CarperAI / Code-Pile

This repository contains all the code for collecting large scale amounts of code from GitHub.
MIT License
105 stars 29 forks source link

Data Processing #37

Open ncoop57 opened 1 year ago

ncoop57 commented 1 year ago

We should follow a similar process to the BigScience workshop's dataset processing. They include many of the tools ready for us to use such as data deduplication, both exact match and near dedup, filtering of low information content examples, removal of potentially hateful documents, and removal of PII.

They have all their tools available and discussions of them here: https://github.com/bigscience-workshop/data_tooling

Here is an initial set of tasks to perform:

PhungVanDuy commented 1 year ago

New repo: https://github.com/bigscience-workshop/data-preparation/tree/main/preprocessing/training

PhungVanDuy commented 1 year ago

@ncoop57 Filtering: https://github.com/bigscience-workshop/data-preparation/blob/main/preprocessing/training/01b_oscar_cleaning_and_filtering/filtering.py Deduplicated: https://github.com/bigscience-workshop/data-preparation/blob/main/preprocessing/training/01b_oscar_cleaning_and_filtering/deduplicate/self_deduplicate.py PII: https://github.com/bigscience-workshop/data-preparation/blob/main/preprocessing/training/01b_oscar_cleaning_and_filtering/anonymization.py

everyone can use this for filtering and deduplication, I am writing a light version for it. My dataset is quite clean on the original so some function is not necessary but other people can get some useful function from there.

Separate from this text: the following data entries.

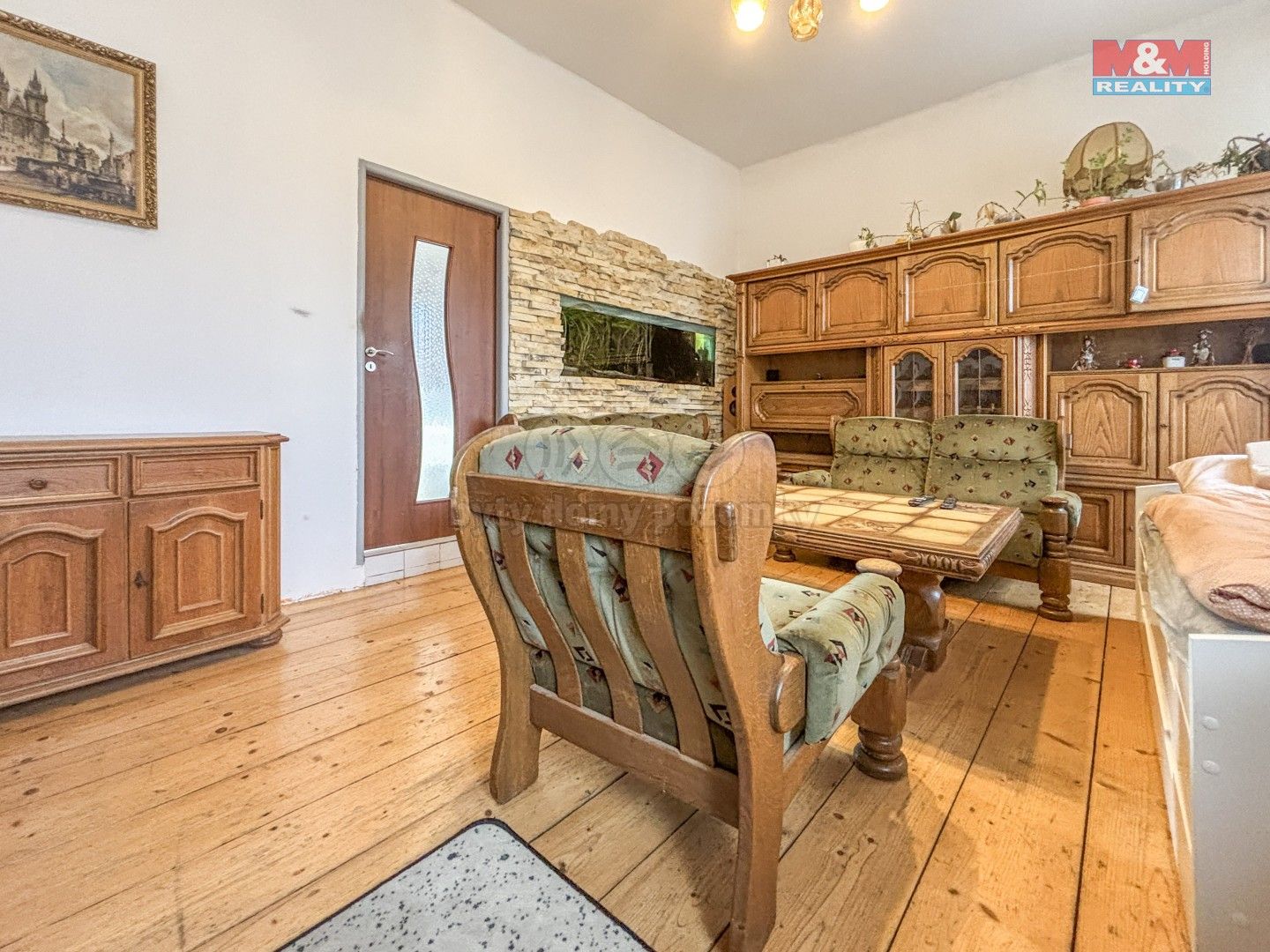 Prodej rodinný dům - Račiněves, 204 m²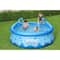 Bestway® H2OGO!® 9ft. OctoPool Inflatable Spray Pool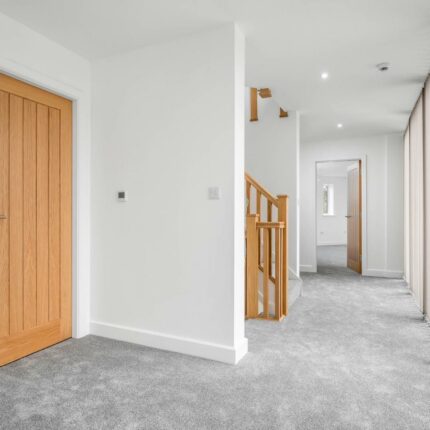 Willow House, Castle Way, Willington, Derby, DE65 6BT Gallery image 23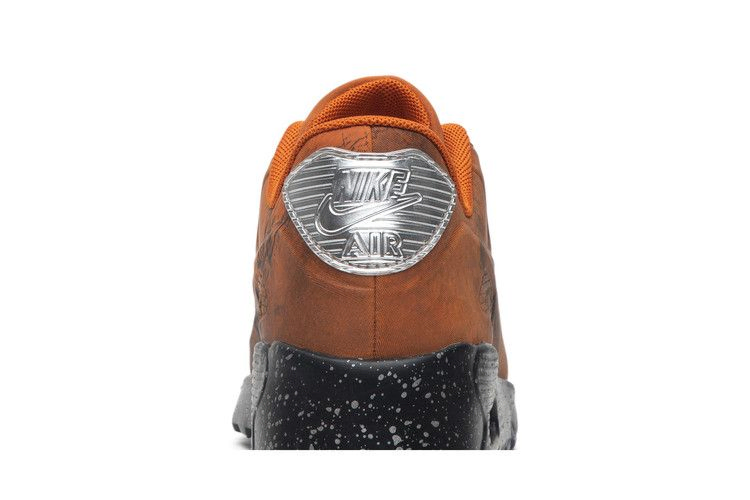 Кроссовки Nike Air Max 90 BP QS 'Mars Landing'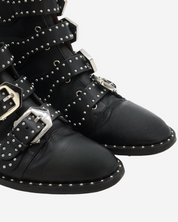 Botines Givenchy Tachuelas 37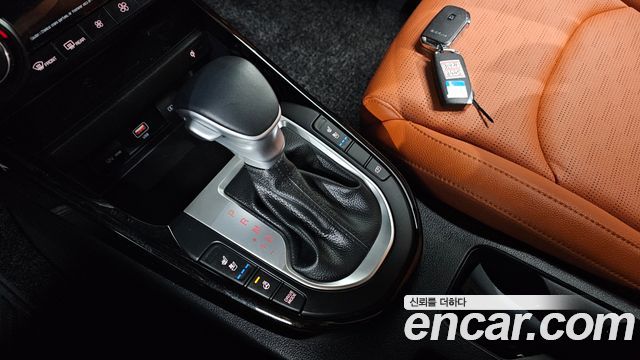 Kia K3 (II) 1.6 Prestige 2024 — фото 9
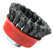 image of Forney 72757 2-3/4" X 5/8" 11Thd Knot Cup Brush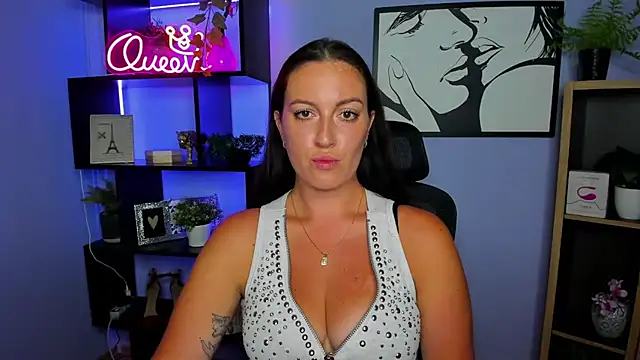 FUN AMI online show from July 2026 01:18:02 PM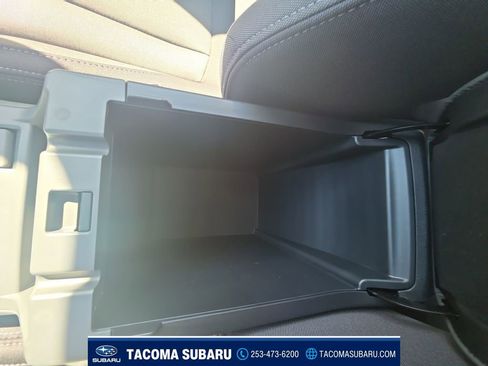 New 2026 Subaru Crosstrek 2.0i Premium AWD/4WD image 23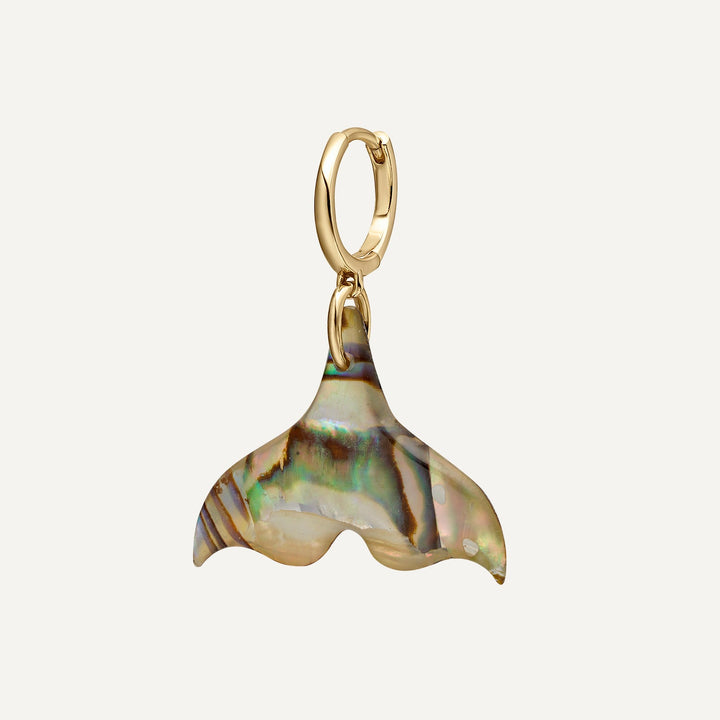 ALETA RING PIERCING OORBEL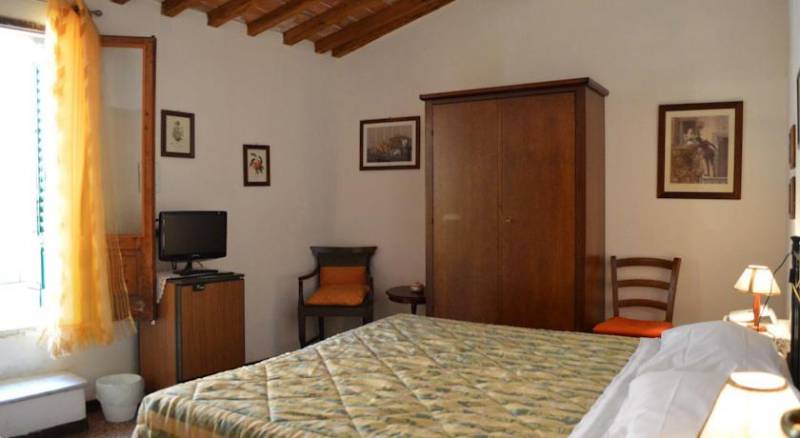 Albergo Centrale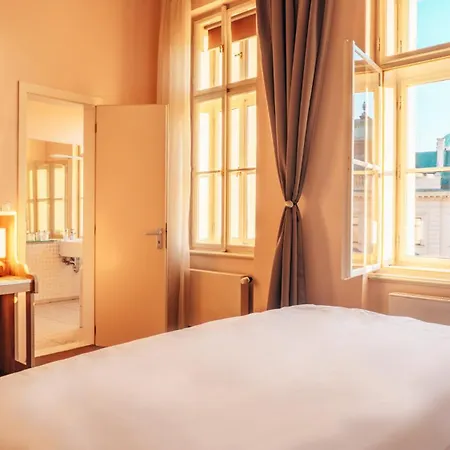 Hotel Boutique Klarov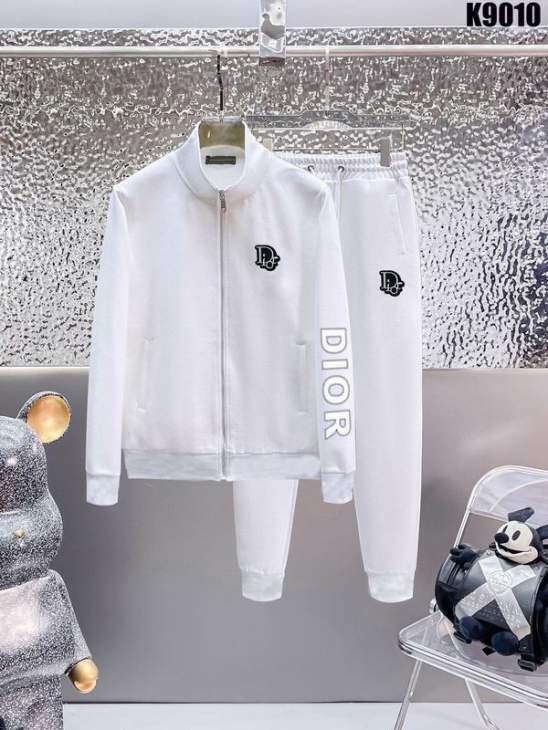 Picture of Dior Sweater Suits _SKUDiorM-5XL13xr16838700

PhungVanDuy commented 1 year ago

@ncoop57 I created a simple one script to take the code from the source above for Wikibooks dataset, it just needs to get the parquet file and run filtering and dedup, I pushed it here https://github.com/PhungVanDuy/Code-Pile/tree/books_dataset/codepile/enwikibooks/data_process_pipeline.

Please review the threshold if you guys want to use it for your dataset.

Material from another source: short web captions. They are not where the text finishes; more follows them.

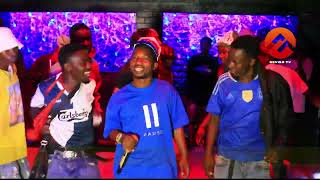 SHOW LIVE || BASLEY BWAY - USIKU WA BASLEY (TIPTOP PUB & LOUNGE) 2026 YA KIBABE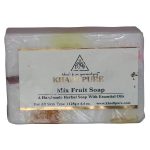 KHADI PURE Mix Fruit Soap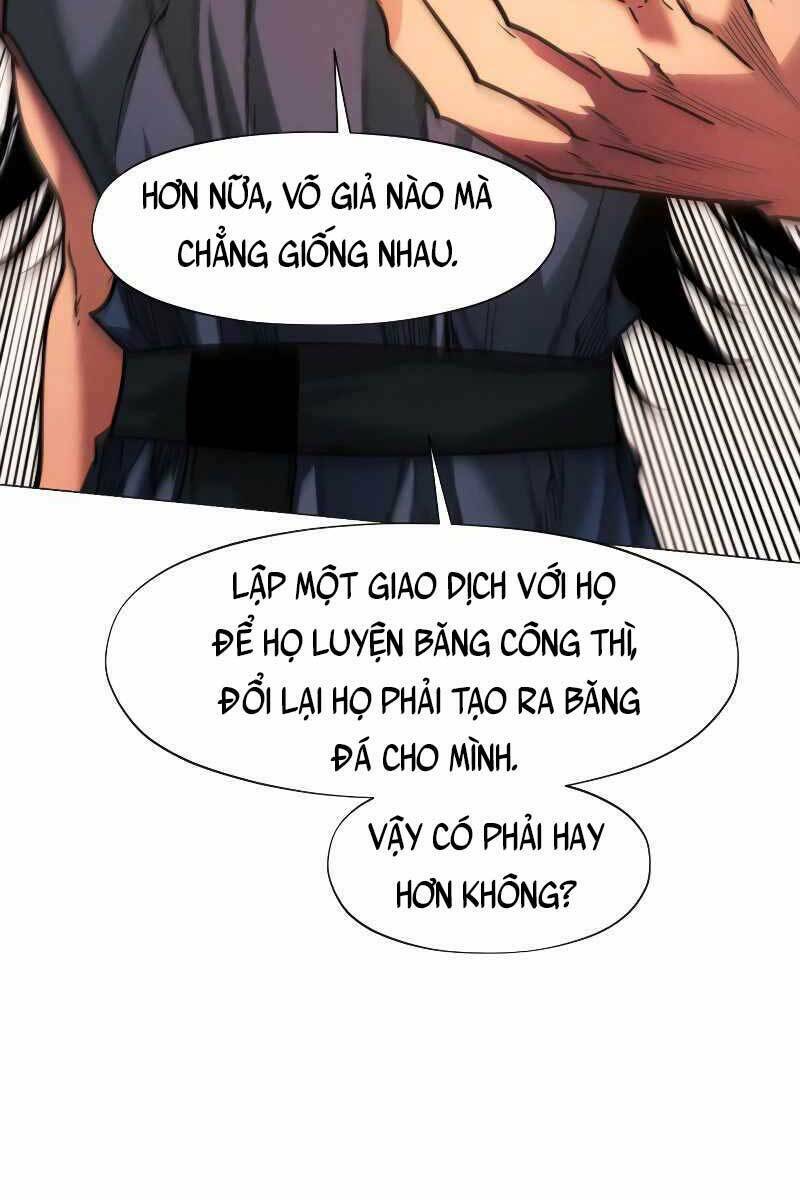 Chuyển Sinh Vào Thế Giới Võ Lâm - Chapter 27 - Page 130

PhungVanDuy commented 1 year ago

I propose a workflow like this: convert data to HuggingFace Dataset object our pipeline will process on this format after that: remove small documents/code (with words count), remove documents containing flagged words, PII, deduplicate (near-deduplicate) for both code and documents. Just found that BigCode also implements for PII and dedup: https://github.com/bigcode-project/bigcode-analysis/tree/main/data_analysis

ncoop57 commented 1 year ago

We will not dedup the following:

  1. The Stack - since it has already had dedup ran on it
  2. GitHub Diffs - as it would remove too many instances due to their short length and high overlap
ncoop57 commented 1 year ago

We will use this lib: https://github.com/CarperAI/squeakily to manage the different filtering and cleaning steps on a per dataset basis. There will be a global set of filters and cleaners that will be applied to each dataset such as flagged word removal and a local set of filters and cleaners that are specific to each data source.